D.S.: White and black stripes and a red nose (The Game), (Let’s talk), (A movie) (2019) è un lavoro complesso che è nato grazie al public programme di Almanac Inn, Torino. La tematica dominante è sempre quella del bieco presenzialismo e in questo frangente ho provato a giocare con l’effetto opening organizzando una messa in scena satirica della situazione stereotipata del vernissage. Ho invitato cinque artisti pescandoli da alcune parti d’Italia a giocarsi un loro lavoro al tavolo da poker, mentre la curatrice fungeva da croupier. Il discorso è molto semplice, l’artista gioca strategicamente scommettendo un lavoro, mentre il curatore dona le chance facendo le carte. Poteva essere una divertente performance, sì, ma ciò che invece mi interessava era l’evoluzione della situazione in corso d’opera. Il mio vero intervento non voleva essere un siparietto, bensì la totale libertà d’azione che ho lasciato ai protagonisti e al pubblico al fine di capire la piega che avrebbe preso la serata. Per questo motivo ho ripreso tutto il vernissage in modo tale che venisse documentato l’evento.
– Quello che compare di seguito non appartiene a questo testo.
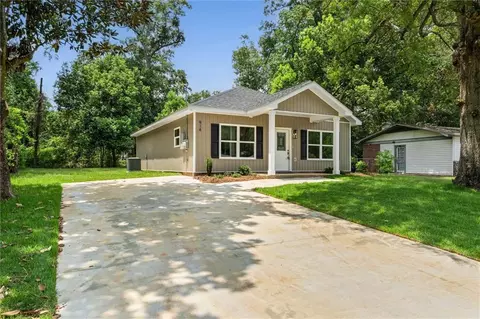 Exterior - 914 Stuart Dr W, Mobile, AL 36605 photo 5 of 5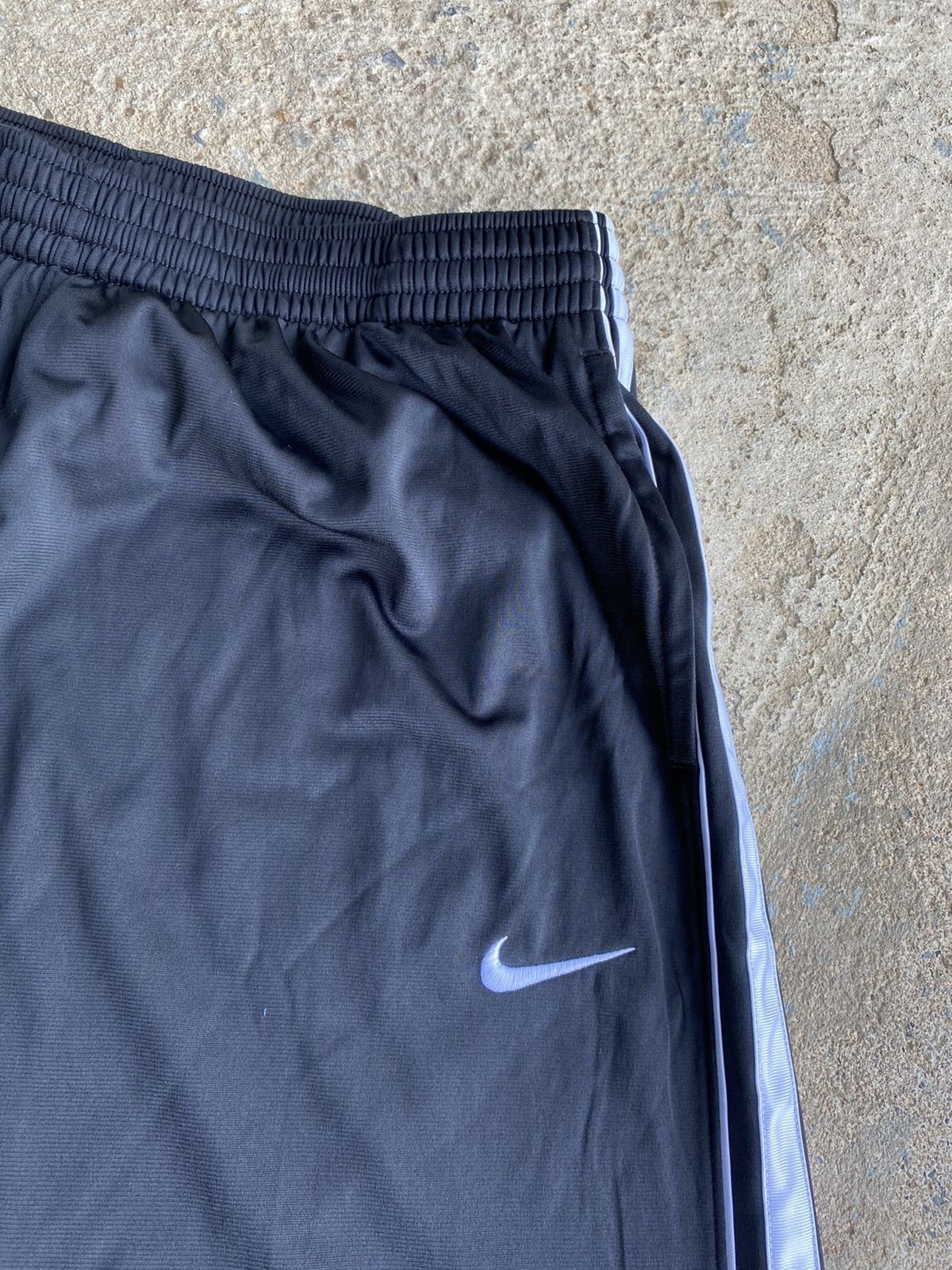 Japanese Brand × Nike × Vintage Vintage Y2K Nike Baggy Stripe Track Pants Size US 34 / EU 50 - 3 Thumbnail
A questa prima parte denominata (The Game) seguì poi (Let’s talk), un talk che portava a confronto un pubblico principalmente composto da artisti con alcuni invitati appartenenti alla sfera curatoriale: Luca Cerizza, Giulia Mengozzi, Lisa Andreani, Giulia Gelmini. Si è discusso in merito alla scomparsa di una critica costruttiva, alla responsabilità del curatore nei confronti dell’artista e a come questo rapporto sia cambiato negli ultimi vent’anni. L’audio è stato registrato a fini di documentazione e montato assieme al video di (The game) ha creato (A Movie), un film di poco più di un paio d’ore nel quale un dibattito costruttivo si sormonta all’evento ludico e ne crea una narrazione confusa e paradossale. Per approfondire alcune tematiche di questo lavoro complesso consiglio un libro uscito recentemente: Teoria del lavoro reputazionale. Saggio sul capitalismo artistico (2020) di Vincenzo Estremo. Credo sia un ottimo approfondimento in merito.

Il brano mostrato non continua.